### Aim of the task
Only the lines from the one containing "Carénages Moto Honda CBR 1000 RR 08-11 - Blanc Bleu Carénages" through the final line of the material below should be output, exactly as they stand.
_ _ _ _ _ _ _
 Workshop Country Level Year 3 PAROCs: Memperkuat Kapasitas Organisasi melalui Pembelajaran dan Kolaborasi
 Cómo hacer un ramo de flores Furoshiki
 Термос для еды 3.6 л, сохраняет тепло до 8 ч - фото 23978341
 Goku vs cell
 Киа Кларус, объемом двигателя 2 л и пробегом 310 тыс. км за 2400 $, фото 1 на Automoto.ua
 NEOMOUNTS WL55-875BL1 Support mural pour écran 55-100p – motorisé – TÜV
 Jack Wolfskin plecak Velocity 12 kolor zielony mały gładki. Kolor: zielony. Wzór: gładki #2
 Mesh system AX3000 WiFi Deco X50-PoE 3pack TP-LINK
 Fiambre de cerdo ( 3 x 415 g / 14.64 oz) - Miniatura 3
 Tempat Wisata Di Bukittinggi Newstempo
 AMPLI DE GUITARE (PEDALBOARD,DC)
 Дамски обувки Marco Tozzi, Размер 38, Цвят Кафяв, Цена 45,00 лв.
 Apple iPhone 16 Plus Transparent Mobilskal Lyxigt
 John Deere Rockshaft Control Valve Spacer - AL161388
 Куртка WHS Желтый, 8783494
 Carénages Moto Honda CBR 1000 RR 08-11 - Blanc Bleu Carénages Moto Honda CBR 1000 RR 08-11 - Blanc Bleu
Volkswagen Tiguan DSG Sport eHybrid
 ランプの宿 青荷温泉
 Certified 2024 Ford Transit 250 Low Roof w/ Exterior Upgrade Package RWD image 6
_ _ _ _ _ _ _
### Your response
 Carénages Moto Honda CBR 1000 RR 08-11 - Blanc Bleu Carénages Moto Honda CBR 1000 RR 08-11 - Blanc Bleu
Volkswagen Tiguan DSG Sport eHybrid
 ランプの宿 青荷温泉
 Certified 2024 Ford Transit 250 Low Roof w/ Exterior Upgrade Package RWD image 6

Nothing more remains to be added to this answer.